Initialize by name - C# Records?
Asked Answered
A

1

6

I'm having trouble understanding how to initialize a C# record using named parameters.. This obviously works with more traditional classes with get; set; (or init) properties. Am I missing some special syntax? The reason it matters is that I prefer this kind of initialization to make the code more readable. Thank you

public record Person(string Name, int Age, double Income); 

//this does not work
var p = new Person { Name = "Tim", Age = 40, Income = 55 };

Error Message

Archbishop answered 5/2, 2023 at 18:7 Comment(2)
The record you declare - is the record with constructor that takes 3 arguments, yet when you instantiate it, you set them as record propertiesAndros
var p = new Person(Name : "Tim", Age : 40, Income : 55 );Superhuman
D
7

What you're doing won't work because under-the-hood, a three-parameter constructor is generated. Record syntax is just syntactic sugar, and it gets lowered into a normal class with some equality contracts.

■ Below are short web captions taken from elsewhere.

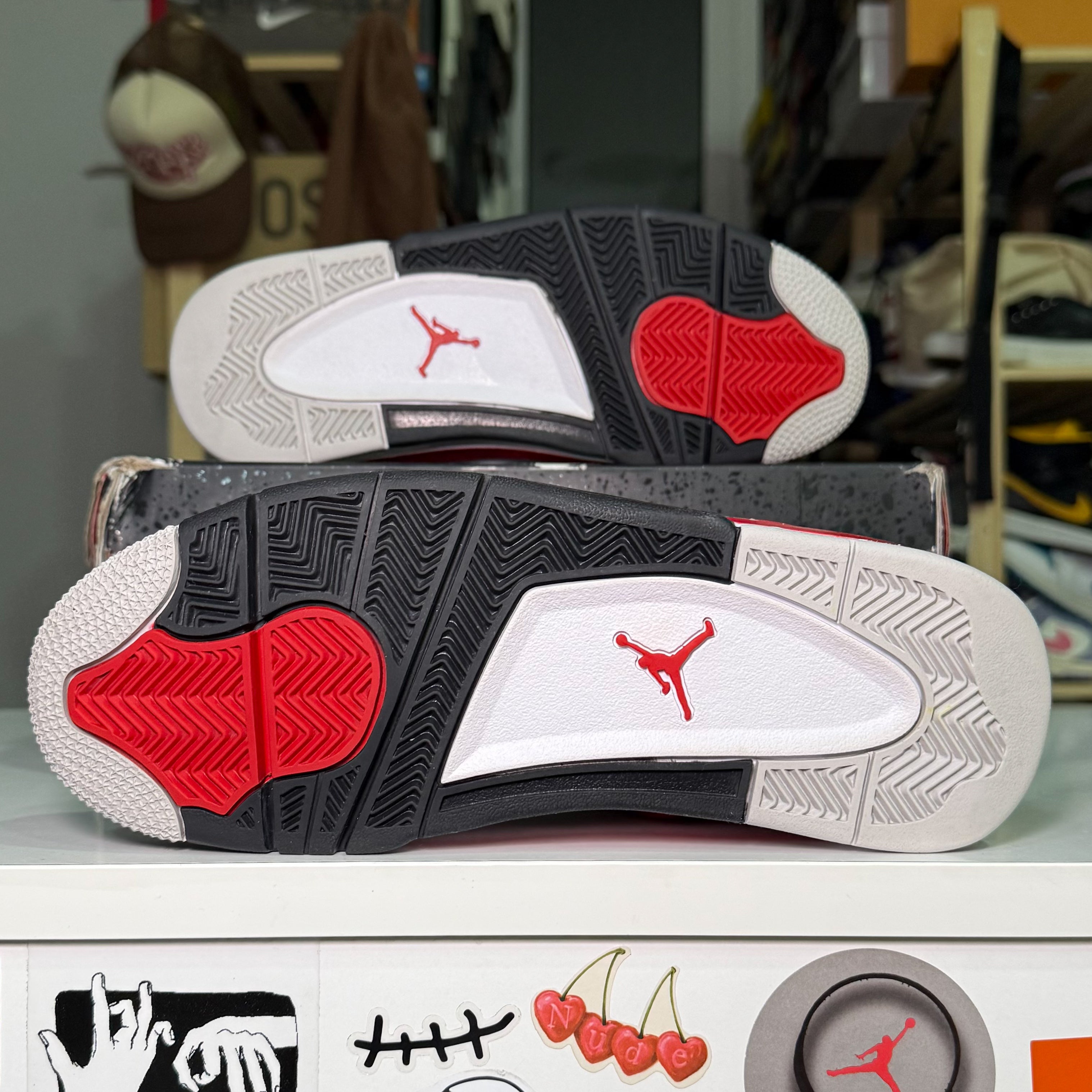 Air Jordan 4 Retro 'Red Cement' GS 2023 - Recondicionado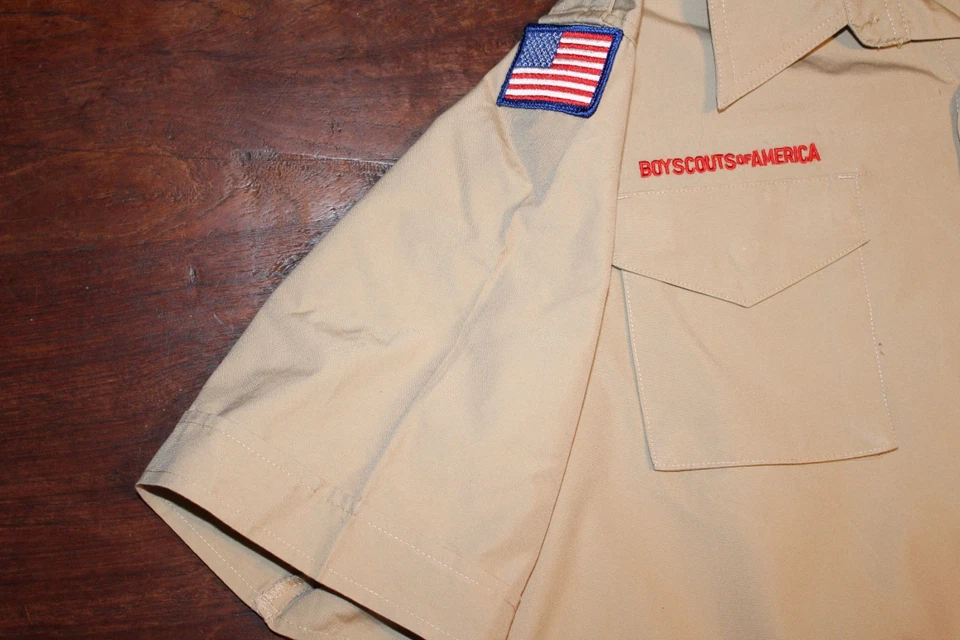 Camisa para hombre Boy Scouts of America BSA tostada mediana lisa sin parches manga corta Foto 2 de 4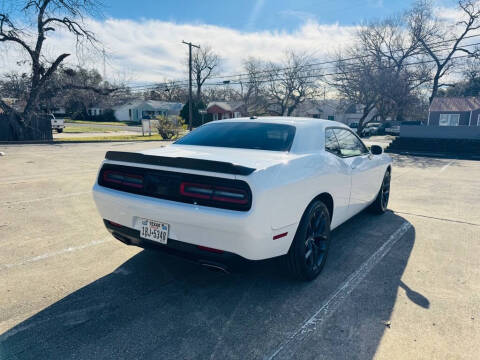 2021 Dodge Challenger SXT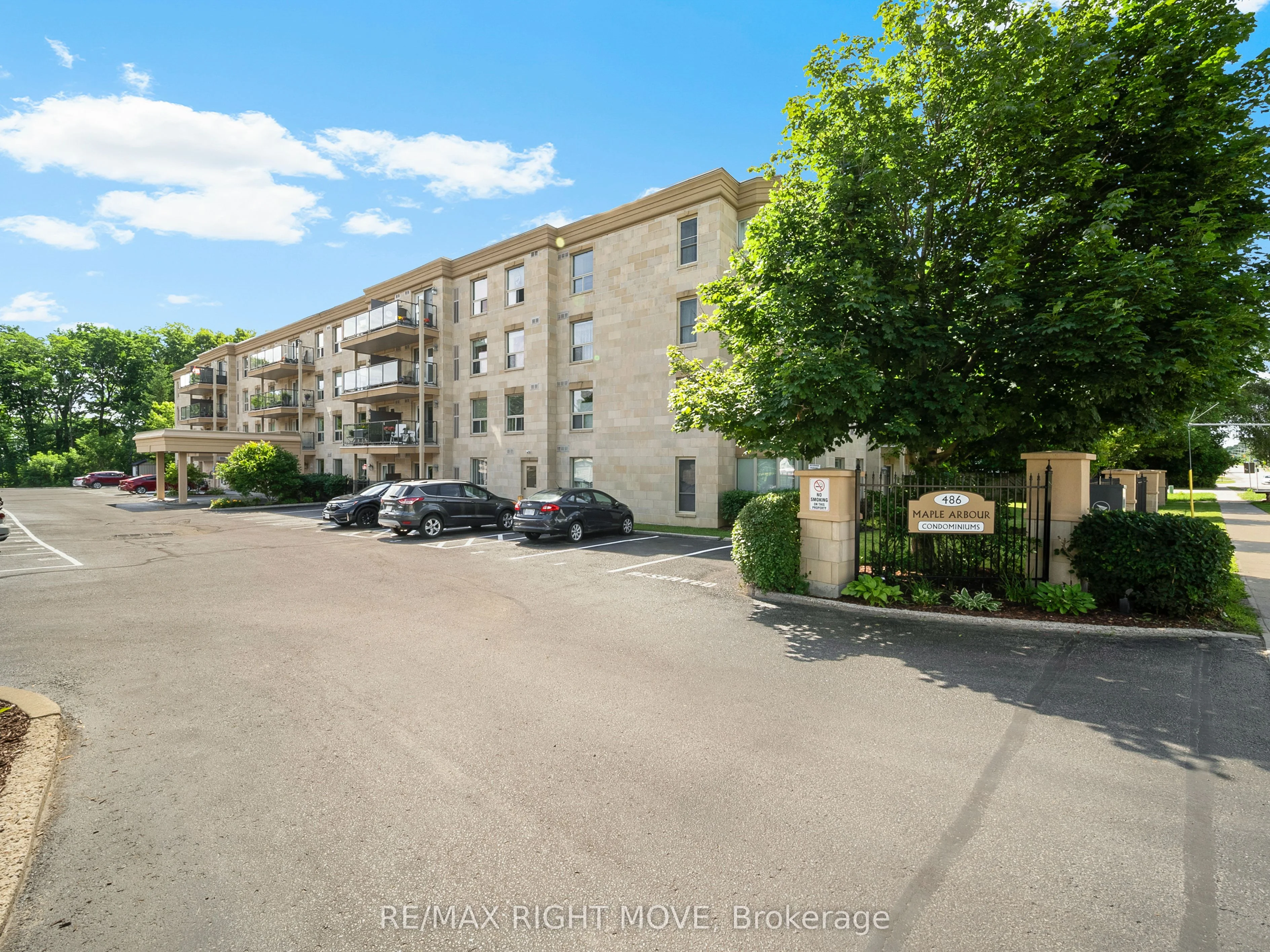 486 LACLIE Street 410, Orillia, ON L3V 4P9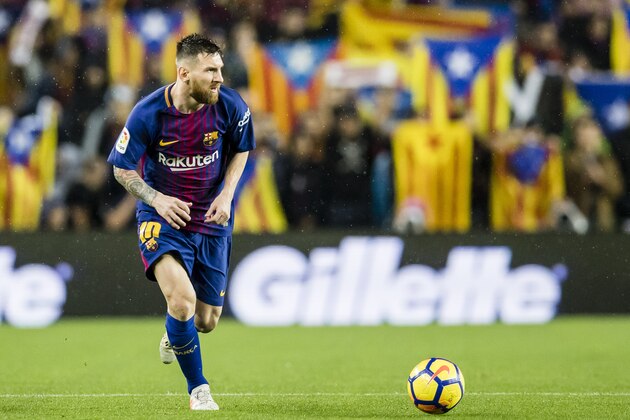 BARCELONA, SPAIN - NOVEMBER 04: Lionel Andres Messi of FC Barcelona in action during the La Liga 2017-18 match between FC Barcelona and Sevilla FC at Camp Nou on November 04 2017 in Barcelona, Spain. (Photo by Power Sport Images/Getty Images)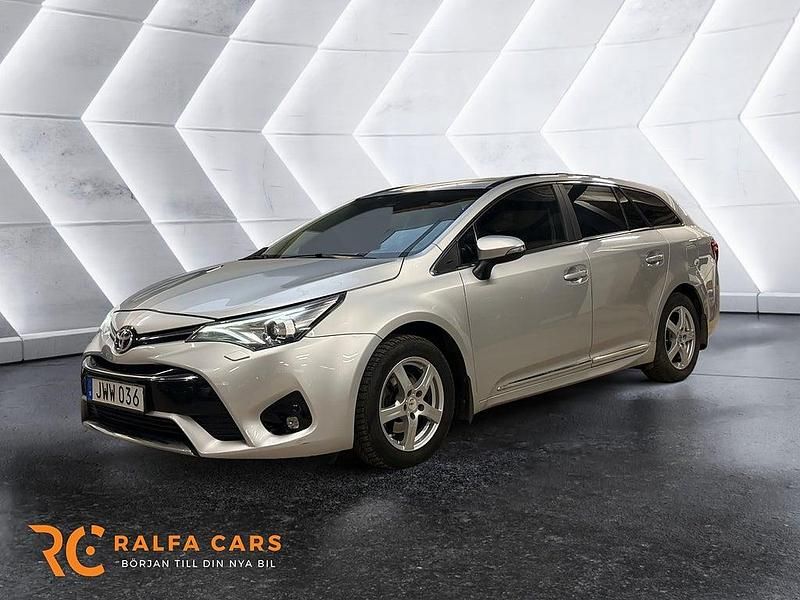Silver Begagnad 2015 Toyota Avensis Active Kombi | 129 800 kr (Marknadspris) - Bild 1/3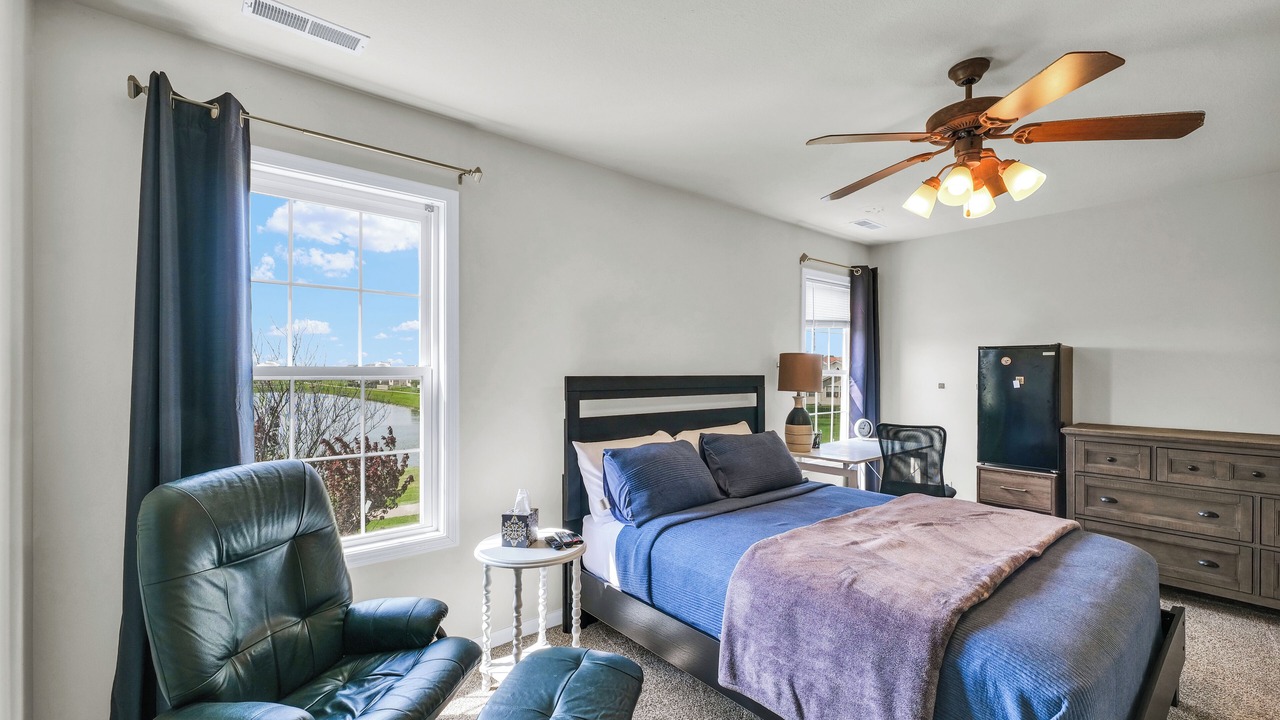 Photo of Bedroom in Champaign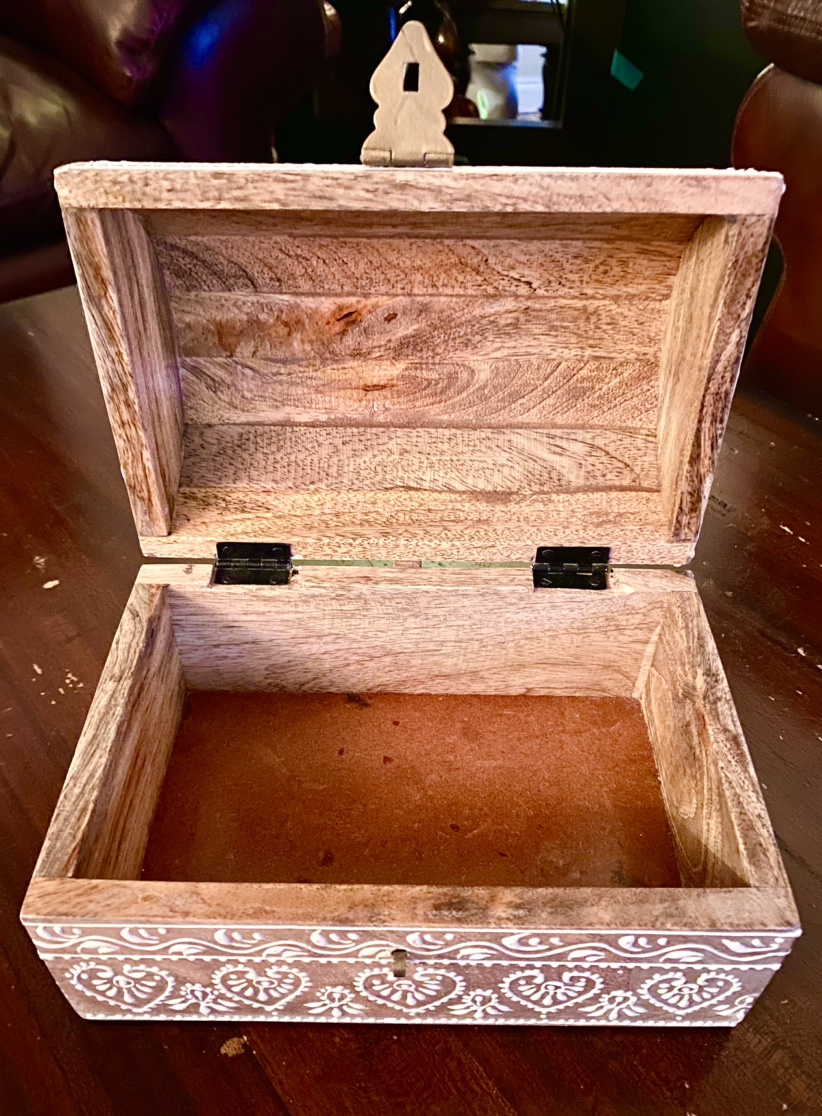 Handpainted Indian Wooden Keepsake Box w/ Latch image indicator(5)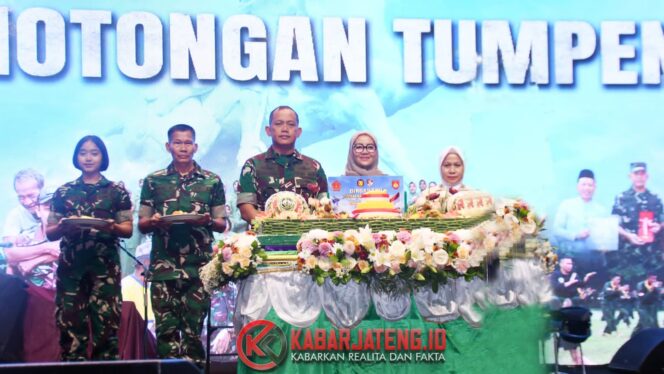 
					Semarak Syukuran HUT ke-75 Kodam IV/Diponegoro, Pangdam Beri Penghargaan dan Tiket Umrah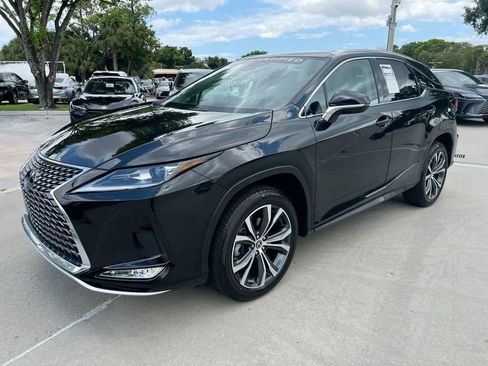 Certified 2022 Lexus RX 350 FWD w/ Premium Package image 3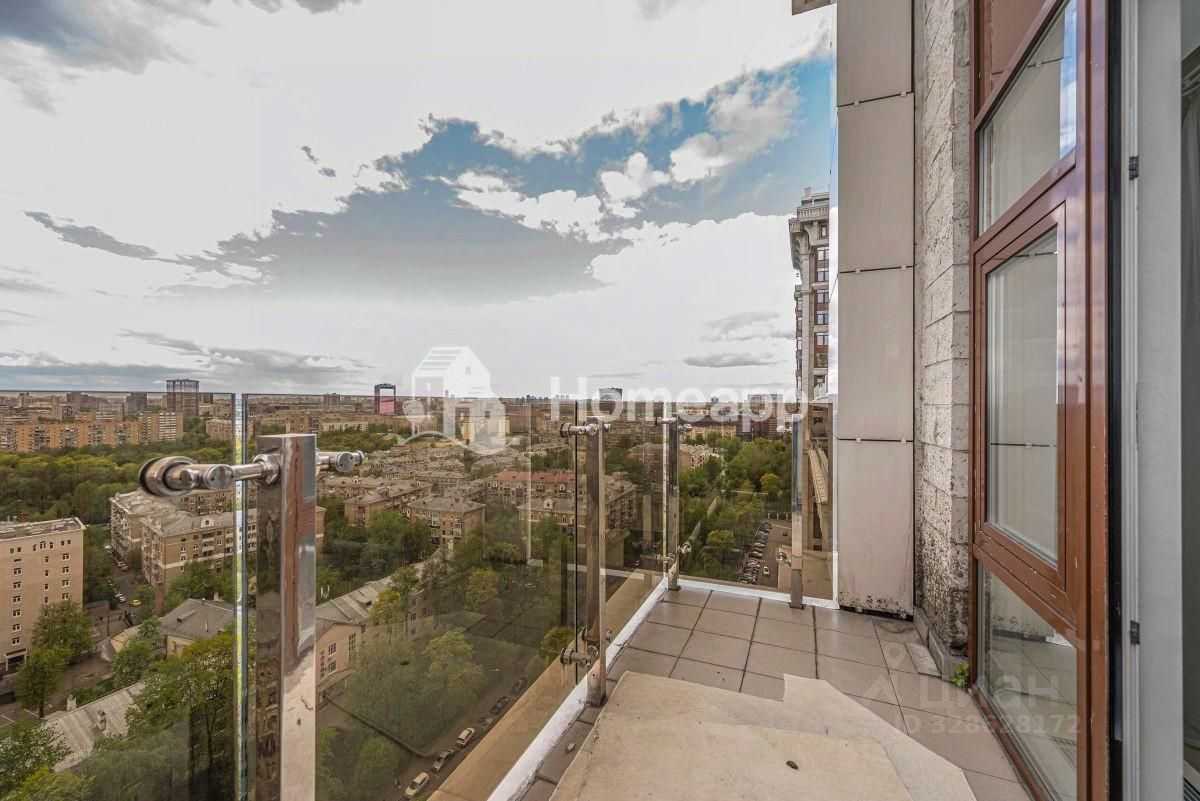 Продажа 4-комн квартиры на вторичном рынке Чапаевский переулок, 3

What you want to do would require a parameterless constructor.

You have two options, use the constructor with named parameters:

var p = new Person( Name: "Tim", Age: 40, Income: 55);

Or flesh out your record a bit to add a parameterless constructor:

public record Person
{
    public Person(string name, int age, double income)
    {
        Name = name;
        Age = age;
        Income = income;
    }
    
    public Person() {}
    
    public string Name { get; init; }
    public int Age { get; init; }
    public double Income { get; init; }
}

You can do this and keep the parameter list using a : this() on the constructor, but I find this is just confusing.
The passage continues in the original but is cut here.